チェーンストア統一伝票を中心としたJCA標準の対応について

  一般財団法人流通システム開発センター (GS1 Japan)
(流通BMS協議会事務局)
データベース事業部 クラウドサービスグループ
兼 ソリューション第2部 新規事業グループ 上級研究員

梶田 瞳

 軽減税率制度は2019年10月から区分記載請求書等保存方式、2023年10月から適格請求書等保存方式(インボイス制度)と2段階に分かれている。この2つの共通点は、商品の税率を明示することと税率ごとに合計した対価の額を記載することである。インボイス制度ではこれに加え、登録番号や消費税額の記載の他、返還インボイスへの対応や端数処理のルールの変更などさまざまな対応が求められる。そのため、チューンストア統一伝票(B様式)も流通BMSもまずは区分記載請求書等保存方式に対応することを優先させている。

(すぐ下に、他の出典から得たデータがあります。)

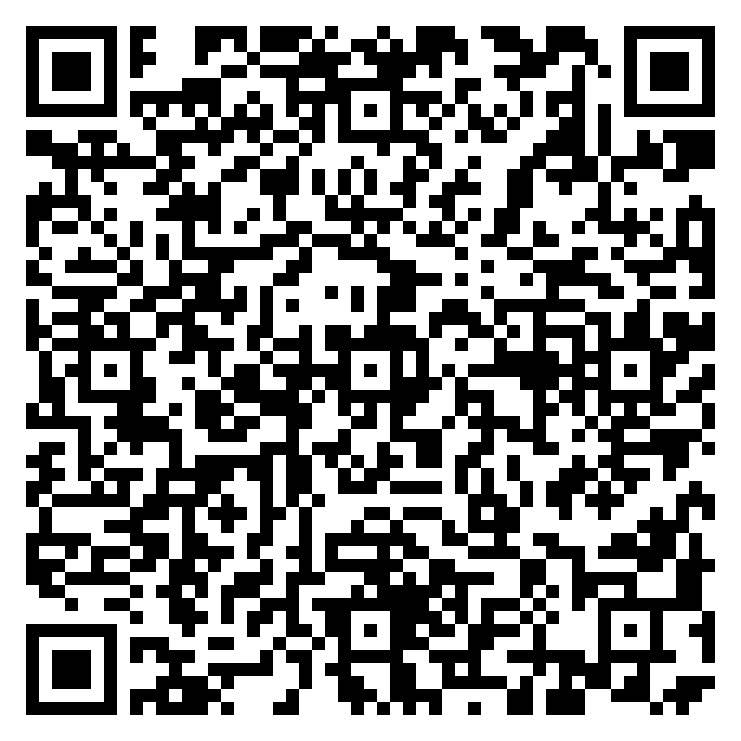 kod QR z danymi kontaktowymi 38723777100000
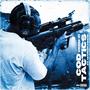 COD tactics (feat. MarkOsama26) [Explicit]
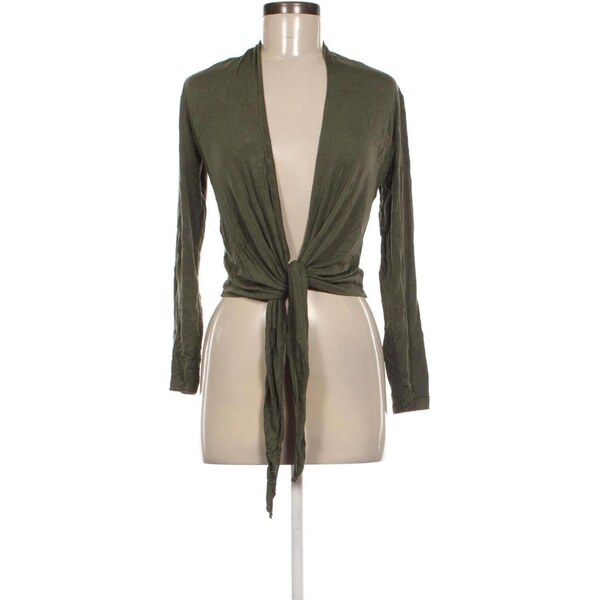 Dámsky kardigán Mitika 66968830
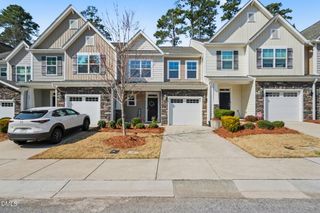 309 Lionel Street, Durham, NC 27705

 チェーンストア統一伝票(B様式)においては、以下を推奨する。

  チェーンストア統一伝票(B様式)の様式・規格は変更せずに現行のまま使用することとする。
  「税抜き」「税込み」「非課税」「税率」の区分は伝票単位とし、その旨を伝票上に表示することを基本とする。ただし、「税抜き」についてはその区分表示を省略することができる。
  特にターンアラウンド型伝票について、軽減税率対象となる取引は、取引先間で協議の上、「軽減税率対象品目である旨」を自由使用欄のD欄またはG欄を利用して記載することを推奨する。
  軽減税率対象品目である旨は「ケイゲンゼイリツ」と表示することを基本とする。

 なお、「税率ごとに合計した対価の額」および、対価の額が税抜きであれば「税率ごとの消費税額」を記載する必要があるが、請求・支払にて記載することを基本とした。

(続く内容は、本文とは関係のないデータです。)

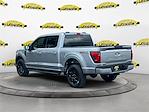 New 2025 Ford F-150 XLT SuperCrew Cab 4x4 Pickup for sale #SKD51617 - photo 5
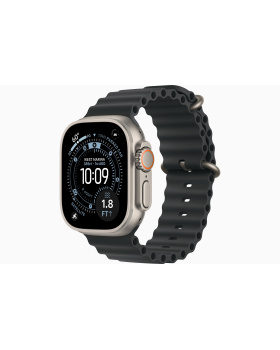 mxtl3ref_vw_34frwatch-case-49-titanium-natural-ultra3_vw_34frwatch-face-49-ocean-ultra3_vw_34fr_geo_us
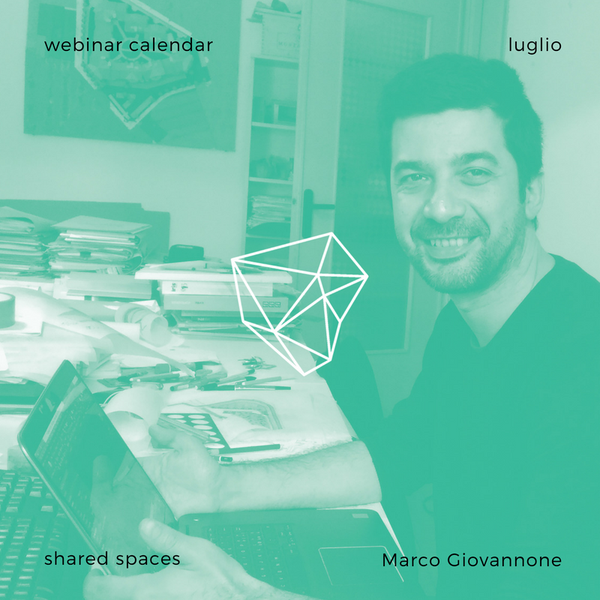 webinar - marcogio_R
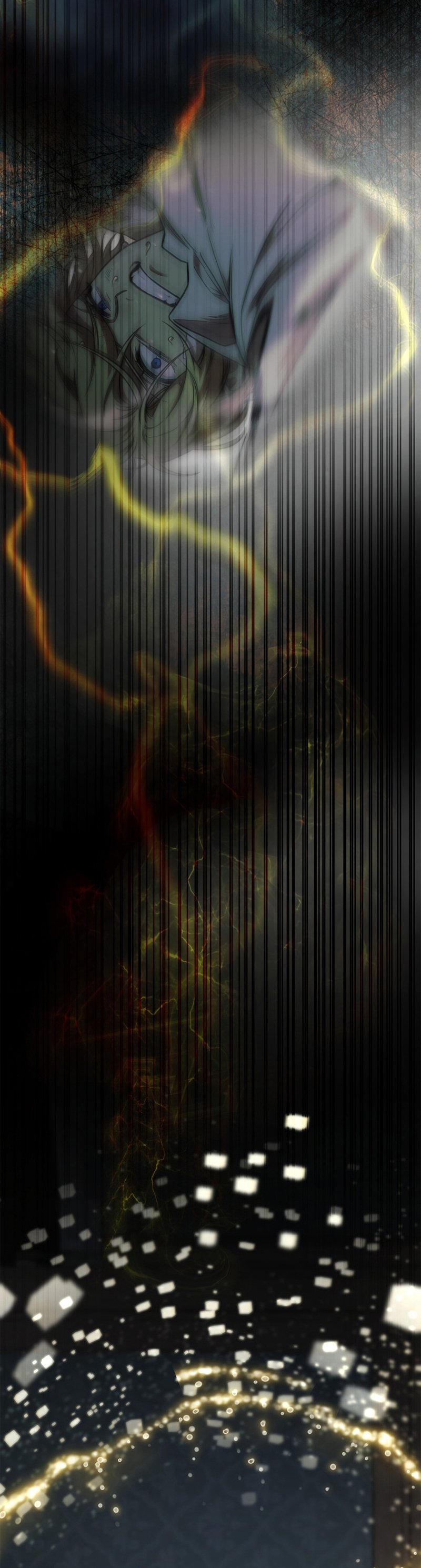 Infinite Mage, Chapter 60 image 26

 JCAデータ交換標準フォーマットの軽減税率制度への対応については、一定の限界があることに加え、今後の通信環境の変化なども踏まえて、第一義に「流通BMSへの移行」を推奨している。

流通BMSメッセージ標準の対応について

  一般財団法人流通システム開発センター (GS1 Japan)
(流通BMS協議会事務局)
ソリューション第2部 部長

坂本 真人

 伝票ごとに税率を分けるという考えは、伝票の考えを踏襲した。

 発注、出荷、受領、返品の各メッセージで軽減税率対象品目である旨を示し、税率ごとの対価の合計額は、支払メッセージで行うこととする。支払メッセージに対応できない場合は新たに作成する請求鑑メッセージを利用する。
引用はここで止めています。